The article Theological Anthropology in the Restoration Movement: Past and Present by Ron Highfield states:
In the Campbell-Rice debate, Alexander Campbell had occasion to reflect on his childhood struggle with, and rejection of, the" Calvinist" doctrine of the damnation of non-elect infants who die in infancy.' According to the mature Campbell... all infants are of the elect.' Campbell rejected the Augustinian-Calvinist view of original sin and election. Calvinism, according to Campbell, is "crazy at this point."
This implies that Campbell's mature writings affirmed that children are not born with Original Sin. But he was not naive about human nature either.
Man has strayed away from God and nature, and has become a preternatural being... his soul is harassed with the tumult of a thousand passions, lusts, appetites, and elements that war against his soul.

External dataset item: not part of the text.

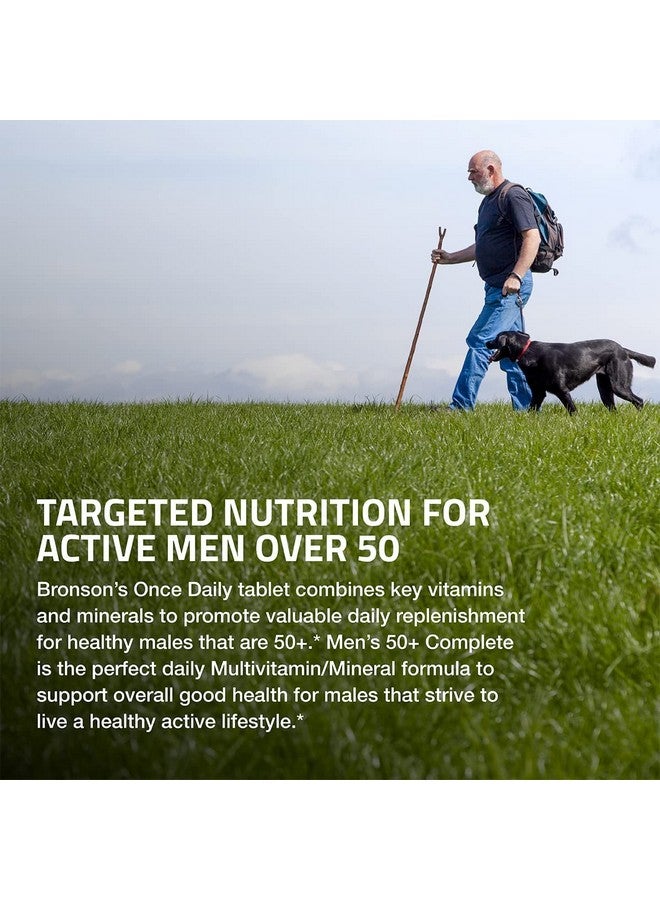 Bronson ONE Daily Mens 50+ Complete Multivitamin Multimineral, 360 Tablets - Image 4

If there were no sin in human nature, there could be none in obeying all its passions."
The second generation Restoration preacher Robert Milligan warned against "the extremes of Augustinianism on the one hand, which detracts too much from the powers of man, and Pelagianism on the other hand."
Another early view was represented by David Walk who was baptized in 1862:
The certainty of physical death to all his descendants is the one necessary consequence of Adam's transgression... As for the rest, Adam could sin, and we can sin; nor can I see any difference between his condition and ours... Till man sins, he is just such a being, morally, as Adam was before he sinned.
So while the early Restoration Movement may have believed in Original Sin in a general since, meaning that Adam's sin had real consequences for human nature, its founder and early teachers did not endorse the idea that Original Sin resulted in the total depravity of humankind as taught by Augustine and reiterated by Calvin and Luther. Especially they taught that children who have not sinned personally are not liable to punishment in the afterlife. I offer this conclusion tentatively hoping for either confirmation or expansion from experts.